I'm leaning more towards the Denon due to Audyssey, my main concern is will it be able to handle the 4ohm load and the spike that dip down at the mentioned freq.


----------



## chashint (Jan 12, 2011)

The links Beeman gave are better than mine, the Denon 1000 is a real bargain.


----------



## cajun_duck (May 23, 2011)

chashint said:


> The links Beeman gave are better than mine, the Denon 1000 is a real bargain.


I think you were typing your message with the links at the same time I was typing mine. LOL.

Thanks for all of the help and opinions guys. It is a great help and very appreciated. You know, I started a thread very similar to this about 2 weeks ago on another "popular" forum, and to this day I am the only person to respond to it. Oh well.


----------



## BeeMan458 (Nov 25, 2012)

cajun_duck said:


> I'm leaning more towards the Denon due to Audyssey, my main concern is will it be able to handle the 4ohm load and the spike that dip down at the mentioned freq.


As pointed out by chashint, if you're not trying to reach reference, yes but from my experience with a Marantz SR5007, it won't have enough giddy-up to keep you at full on reference. If all you want out of the deal is peaks of +90dB to +95dB you should be fine. Above that and the system might choke on you.



> You know, I started a thread very similar to this about 2 weeks ago on another "popular" forum, and to this day I am the only person to respond to it.


Well, that's sure to put starch in your shorts. Glad we were able to give some suggestions.


----------



## cajun_duck (May 23, 2011)

BeeMan458 said:


> As pointed out by chashint, if you're not trying to reach reference, yes but from my experience with a Marantz SR5007, it won't have enough giddy-up to keep you at full on reference. If all you want out of the deal is peaks of +90dB to +95dB you should be fine. Above that and the system might choke on you.
> 
> 
> 
> Well, that's sure to put starch in your shorts. Glad we were able to give some suggestions.
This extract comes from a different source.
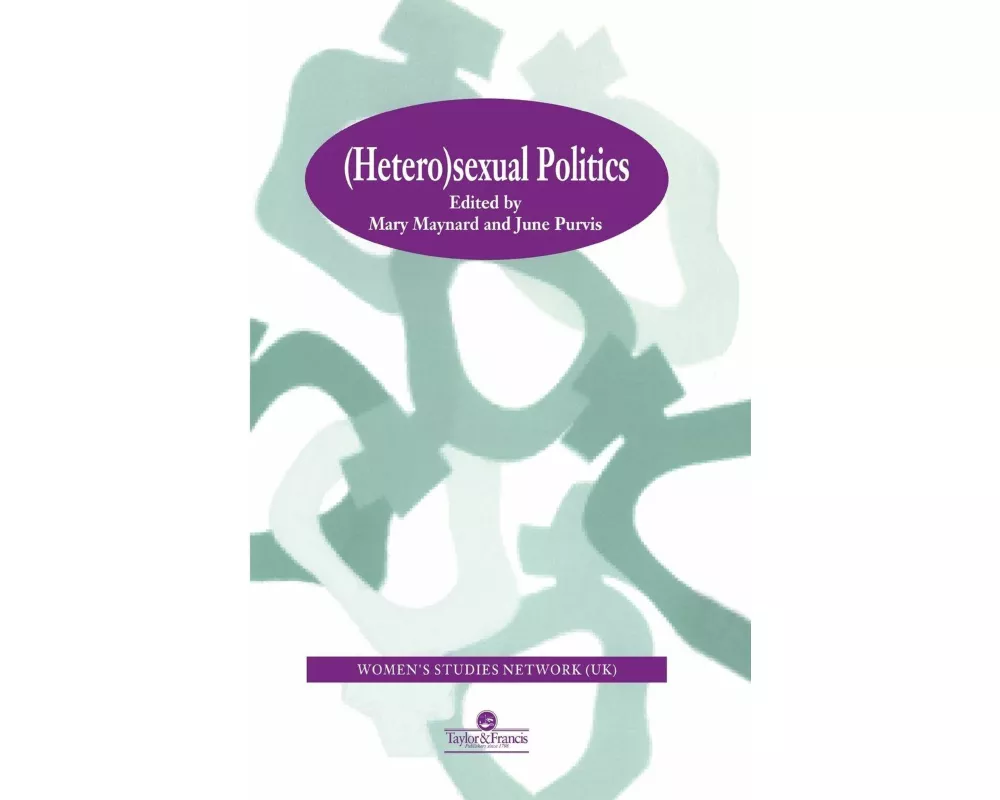 HeteroSexual Politics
I'm not trying for the whole neighborhood to hear me, I just want enough to sit back and enjoy. I still want to be able to hear afterwards.


----------



## cajun_duck (May 23, 2011)

BeeMan458 said:


> As pointed out by chashint, if you're not trying to reach reference, yes but from my experience with a Marantz SR5007, it won't have enough giddy-up to keep you at full on reference. If all you want out of the deal is peaks of +90dB to +95dB you should be fine. Above that and the system might choke on you.
> 
> 
> 
> Well, that's sure to put starch in your shorts. Glad we were able to give some suggestions.


+90 to +95 is pretty loud if I'm correct.


----------



## chashint (Jan 12, 2011)

How large is your room ?


----------



## BeeMan458 (Nov 25, 2012)

cajun_duck said:


> +90 to +95 is pretty loud if I'm correct.


Depends on how deaf you are. 

Peak theater sound is in the +90dB to +95dB range. They have been known to go louder but only for a moment and then back down again.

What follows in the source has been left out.